The expression of the ESRRA gene was assessed by the use of a custom assay (probe and primer sequences available on request). Reaction mixes included 50 μL 2× TaqMan universal master mix (no AMPerase; Applied Biosystems), 40 μL distilled H2O, and 10 μL cDNA template per TLDA loading port. PCR amplifications were performed on the ABI 7900HT platform (Applied Biosystems). Cycling conditions were 50°C for 2 min, 94.5°C for 10 min followed by 40 cycles of 97°C for 30 sec and 57.9°C for 1 min. The expression of each gene was measured in triplicate for each sample. Gene expression relative changes were quantified using the 2–ΔΔCt method (Livak and Schmittgen 2001) relative to the geometric mean of the endogenous controls listed above using the StatMiner relative quantification software for high-throughput integrated analysis of TLDA data (Integromics, Grenada, Spain).

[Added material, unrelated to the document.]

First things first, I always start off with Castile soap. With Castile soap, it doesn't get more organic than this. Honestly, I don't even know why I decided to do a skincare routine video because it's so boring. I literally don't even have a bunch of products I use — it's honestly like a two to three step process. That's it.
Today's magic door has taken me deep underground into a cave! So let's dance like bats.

Statistical analysis. We assessed the association of candidate gene expression levels with urinary BPA concentration by multivariable linear regression. Data were adjusted for potential confounding factors that could influence BPA exposure or candidate gene expression: age (reported in years at the last birthday and used as a continuous variable); body mass index (BMI) calculated as weight in kilograms divided by height in meters squared; waist circumference (as a continuous trait); highest level of education attained (in four categories: none/elementary, secondary, high school, and university/professional); low-density lipoprotein (LDL) cholesterol (milligrams per deciliter); triglycerides (milligrams per deciliter); and study site [individuals were drawn from a rural village (Greve) and an urban population (Bagno a Ripoli)]. Models were also adjusted for the percentage of neutrophils (neutrophil%), lymphocytes (lymphocyte%), monocytes (monocyte%), and eosinophils (eosinophil%) [the percentage of basophils (basophil%) was not added because the cell subtype percentages would have equaled 100%].

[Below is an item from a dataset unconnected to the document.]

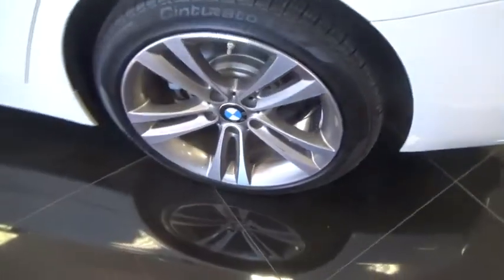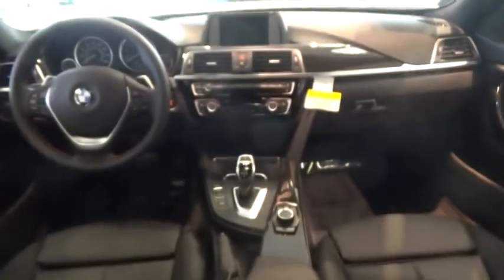Backup camera, Bluetooth, leather-wrapped steering wheel, adjustable steering wheel, power steering, auto-dimming rear-view mirror, four-wheel disc brakes, keyless start, cruise control, floor mats, aluminum wheels.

The expression value of each of the target genes was not normally distributed, and we used natural log transformation when gene expression was considered as a dependent variable. In all analyses, an upper age cutoff was 76 years to minimize the problem of comorbidity. Data analysis was performed using STATA (version 10 SE; StataCorp LP, College Station, TX, USA); p < 0.05 was considered significant.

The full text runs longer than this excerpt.